◆ MATERIAL SHOWN:

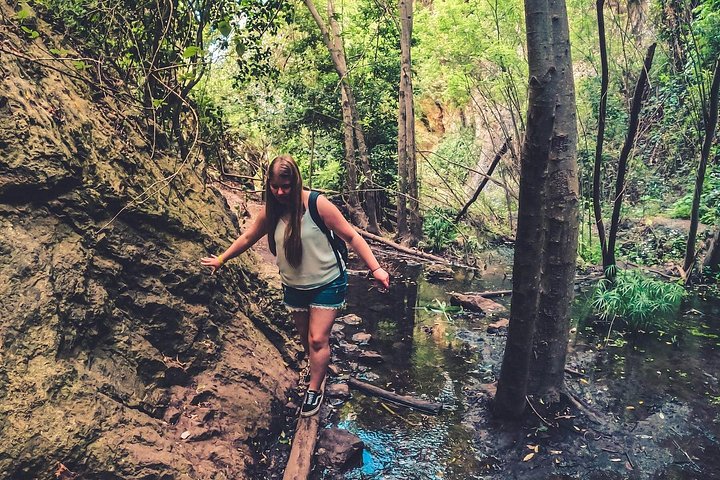 Explore Gran Canaria's rainforest, ravines, and natural pools on a full-day guided tour with tastings, photo 18 | wizardtrip
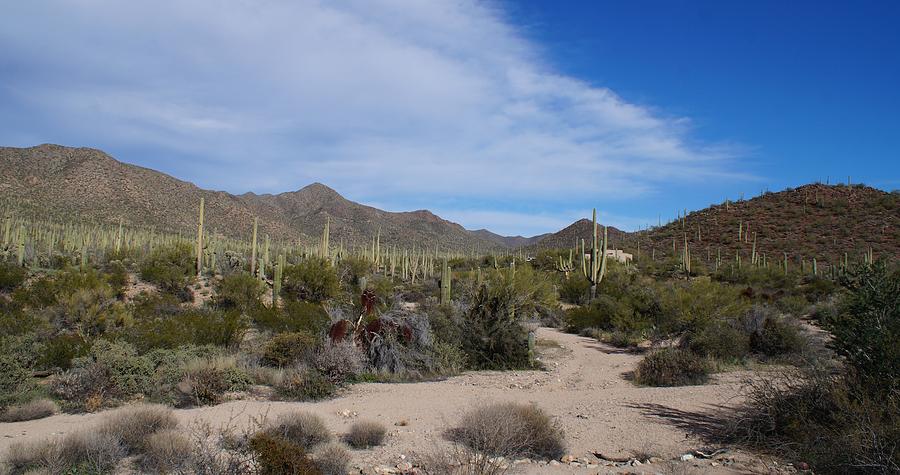 Saguaro Cactus Forest Photograph by Dennis Boyd - Fine Art America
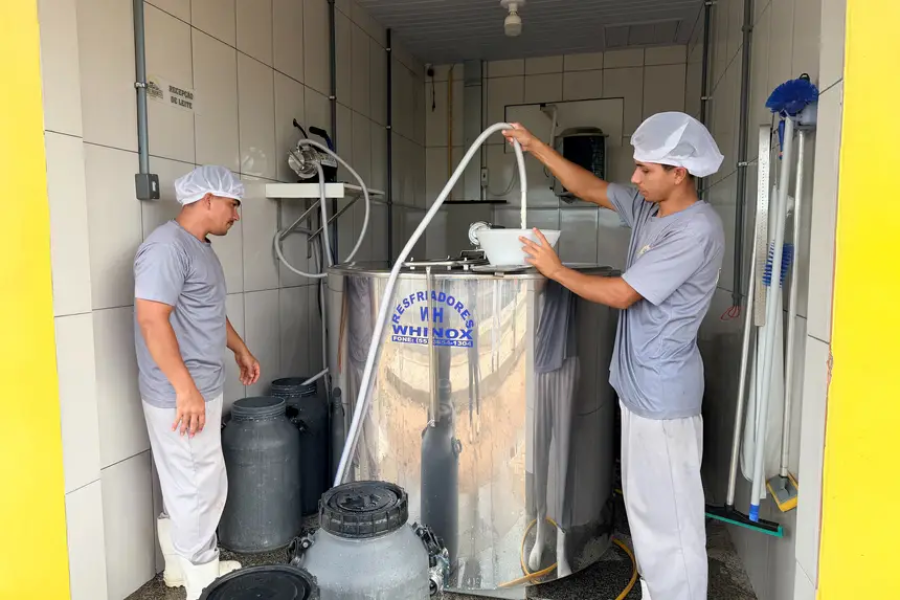 Governo do Amapá consolida avanço do setor primário com investimento direto na produção rural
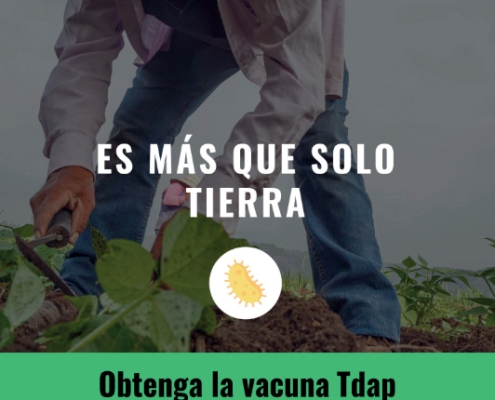 Agriculture TDAP Poster 18 x 24 Spanish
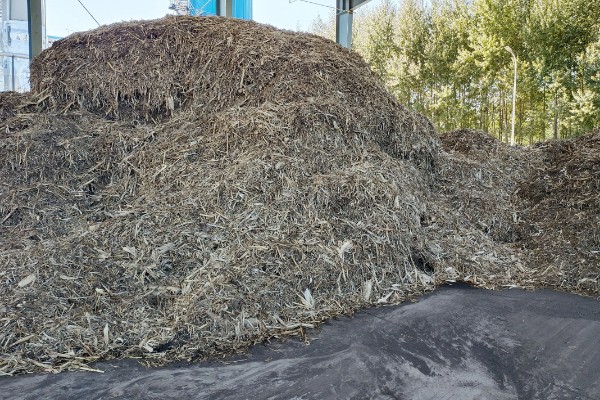 羊适合吃玉米秸秆还是芦苇，玉米秸秆含有的营养更多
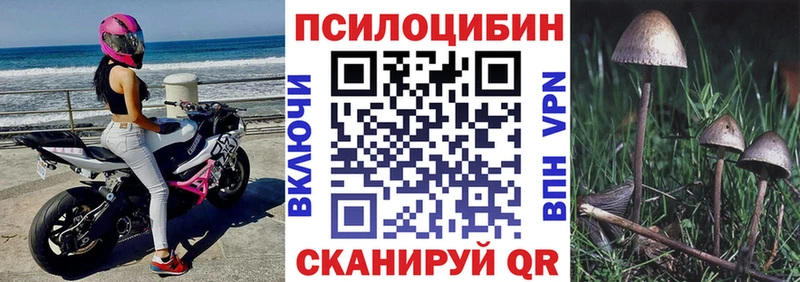 mega tor Малоярославец Псилоцибиновые грибы прущие грибы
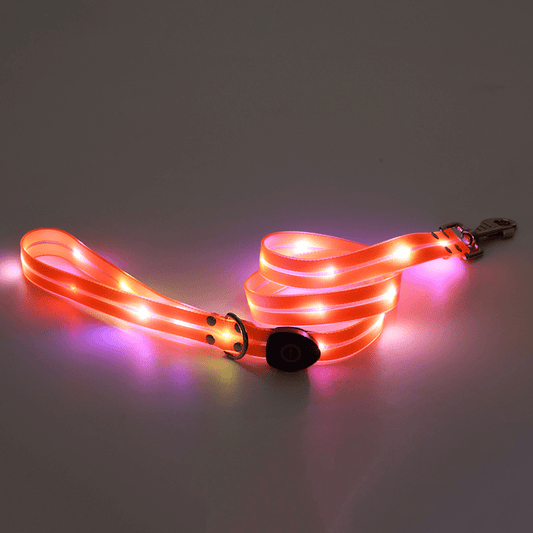 Lichtgevende LED hondenriemen - By Lilo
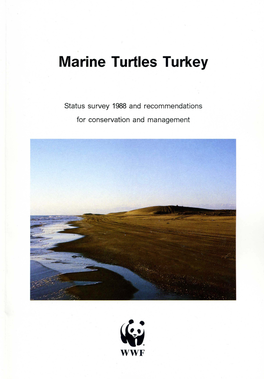 Marine Turtles Turkey
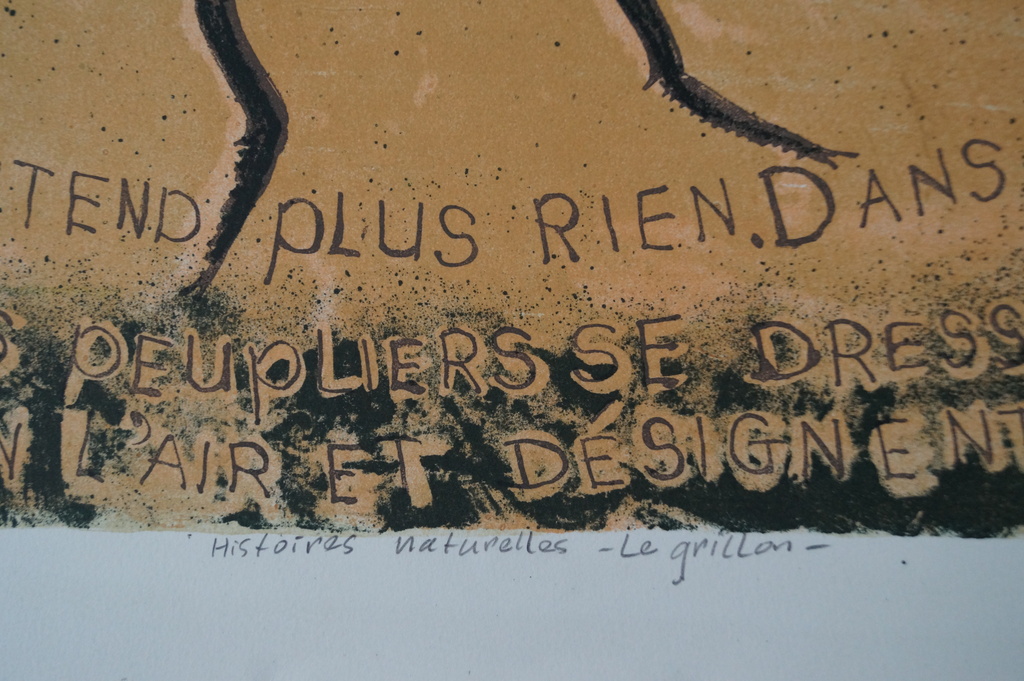 Joost Minnigh - gesigneerde litho - Histoires naturelles - Le grillon - 2001 kopen? Bied vanaf 1!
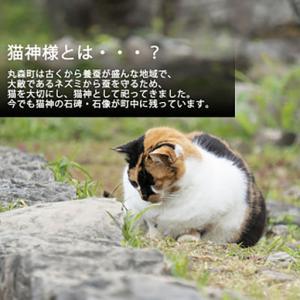 ふるさと納税 ねこの形がかわいい!猫神様のケー...の詳細画像4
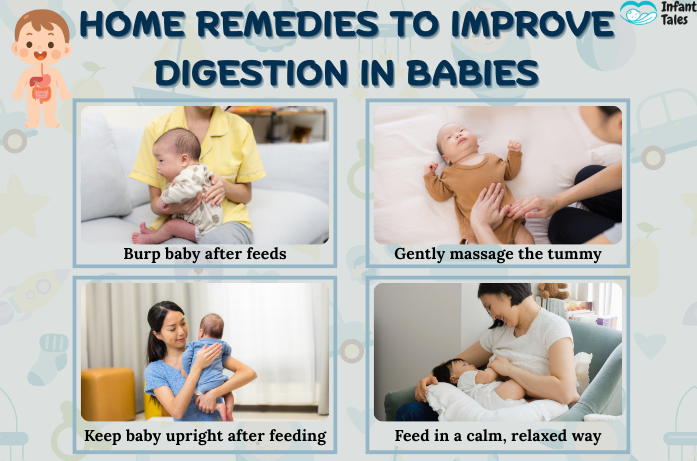 When Do Babies Digestive System Fully Developed?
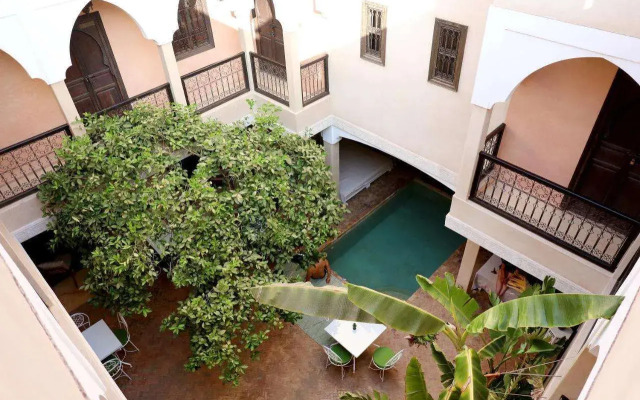 Riad l'Oiseau Du Paradis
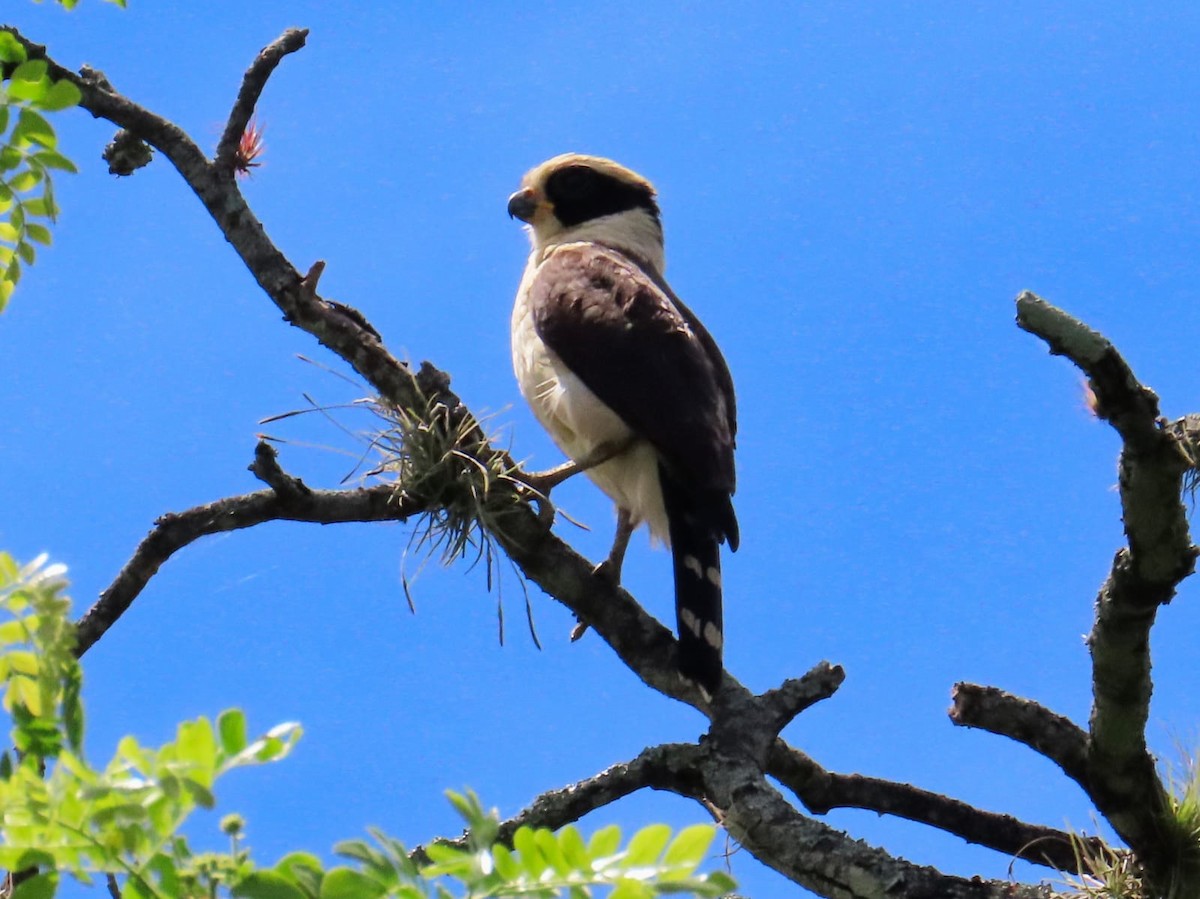 Laughing Falcon - ML637625755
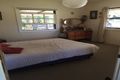 Property photo of 940 Markwell Road Markwell NSW 2423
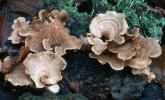 Panellus stypticus (łycznik ochrowy)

◆ WORK TASK: Reproduce, word for word, everything in the listing above from the line containing "Governo do Amapá" down to the line containing "Marine Turtles Turkey", both of them included. No pictures.

◆ EXERCISE RESPONSE:
 Governo do Amapá consolida avanço do setor primário com investimento direto na produção rural
 Agriculture TDAP Poster 18 x 24 Spanish
 羊适合吃玉米秸秆还是芦苇，玉米秸秆含有的营养更多
 mega tor Малоярославец Псилоцибиновые грибы прущие грибы
 Lichtgevende LED hondenriemen - By Lilo
 Marine Turtles Turkey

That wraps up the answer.